Ascendis learns the cost to Coast of risky borrowing
Investor Coast2Coast has been compelled to offload huge amounts of the company’s shares
Ascendis Health, now trading at an all-time low, provides a stark warning about the dangers of borrowing against equity.
The company’s news feed on the JSE is littered with “dealings in securities” statements in which it says mainstay investor Coast2Coast has been forced to offload huge chunks of the company’s shares to meet obligations to lenders.
For Coast2Coast, which has board representation at Ascendis, it is not a pretty picture at all.

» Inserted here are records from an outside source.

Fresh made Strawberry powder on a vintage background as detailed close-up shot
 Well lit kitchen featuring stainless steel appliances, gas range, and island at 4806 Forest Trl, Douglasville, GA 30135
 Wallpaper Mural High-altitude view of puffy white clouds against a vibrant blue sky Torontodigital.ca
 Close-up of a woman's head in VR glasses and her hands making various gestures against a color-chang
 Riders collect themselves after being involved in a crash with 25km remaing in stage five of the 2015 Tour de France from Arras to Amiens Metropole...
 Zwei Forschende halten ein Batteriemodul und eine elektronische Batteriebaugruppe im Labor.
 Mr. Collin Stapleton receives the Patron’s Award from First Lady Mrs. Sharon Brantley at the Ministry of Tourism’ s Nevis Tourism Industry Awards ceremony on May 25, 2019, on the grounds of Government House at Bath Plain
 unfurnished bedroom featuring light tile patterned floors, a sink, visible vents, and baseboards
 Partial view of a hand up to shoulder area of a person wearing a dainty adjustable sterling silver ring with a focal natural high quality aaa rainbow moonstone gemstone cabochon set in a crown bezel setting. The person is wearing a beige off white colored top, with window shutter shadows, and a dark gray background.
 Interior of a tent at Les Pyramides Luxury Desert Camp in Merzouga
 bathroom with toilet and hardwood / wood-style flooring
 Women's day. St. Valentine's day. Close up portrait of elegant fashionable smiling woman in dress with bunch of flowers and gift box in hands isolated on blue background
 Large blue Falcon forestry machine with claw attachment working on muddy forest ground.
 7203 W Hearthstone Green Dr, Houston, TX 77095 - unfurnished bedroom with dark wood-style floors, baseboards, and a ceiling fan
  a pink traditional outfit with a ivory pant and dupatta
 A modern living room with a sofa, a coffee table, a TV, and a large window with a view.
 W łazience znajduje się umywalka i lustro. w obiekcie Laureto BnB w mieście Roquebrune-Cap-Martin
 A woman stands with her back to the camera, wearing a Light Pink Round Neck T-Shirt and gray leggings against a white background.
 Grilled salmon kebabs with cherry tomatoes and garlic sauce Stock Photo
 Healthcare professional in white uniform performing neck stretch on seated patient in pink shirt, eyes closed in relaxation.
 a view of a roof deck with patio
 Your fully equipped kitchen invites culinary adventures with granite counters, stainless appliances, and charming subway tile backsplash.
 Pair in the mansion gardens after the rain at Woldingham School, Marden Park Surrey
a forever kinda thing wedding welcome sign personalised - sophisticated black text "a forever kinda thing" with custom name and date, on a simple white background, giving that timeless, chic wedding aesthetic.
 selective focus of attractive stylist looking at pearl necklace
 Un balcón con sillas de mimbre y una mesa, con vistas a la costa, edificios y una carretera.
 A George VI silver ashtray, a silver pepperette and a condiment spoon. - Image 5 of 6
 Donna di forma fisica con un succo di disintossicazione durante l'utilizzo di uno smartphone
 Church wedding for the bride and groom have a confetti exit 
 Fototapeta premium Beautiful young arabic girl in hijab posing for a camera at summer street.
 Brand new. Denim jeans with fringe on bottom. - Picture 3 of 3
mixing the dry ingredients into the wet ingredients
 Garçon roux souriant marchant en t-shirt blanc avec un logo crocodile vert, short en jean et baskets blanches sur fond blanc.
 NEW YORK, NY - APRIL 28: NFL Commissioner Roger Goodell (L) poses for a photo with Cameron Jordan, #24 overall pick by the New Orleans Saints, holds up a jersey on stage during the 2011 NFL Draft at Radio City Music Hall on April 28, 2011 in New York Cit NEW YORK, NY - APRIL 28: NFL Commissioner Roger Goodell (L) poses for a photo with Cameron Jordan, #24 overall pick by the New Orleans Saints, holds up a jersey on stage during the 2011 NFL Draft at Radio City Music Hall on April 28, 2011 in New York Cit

A year ago, Coast2Coast forked out more than R700m to buy 37 million newly issued Ascendis shares at R20 a piece.
Now, the stock is trading at a paltry price of R3.26 (R3.39).
Unfortunately, Ascendis’s other shareholders are being forced to share in the pain, as Coast2Coast’s forced sales continue to drive the share lower.
Well-known top market commentators have become increasingly critical of directors and investors who hold geared positions in their own stock.
Wayne McCurrie tweeted last week that Coast2Coast’s sales reflect “the danger of borrowing against equity”, while Karin Richards was harsher. “This is ridiculous and totally unacceptable. Directors should spend their time acting in the best interests of the company they serve – not speculating in its shares,” she tweeted on Tuesday.
Anthony Clark said Coast2Coast “should be censured and avoided in any future listings they do, and the JSE should enact rules on this type of dealing, which they have pondered and dithered on for months”.
Perhaps a change in rules is exactly what investors need, particularly in light of how poorly JSE-listed stocks have performed in 2018.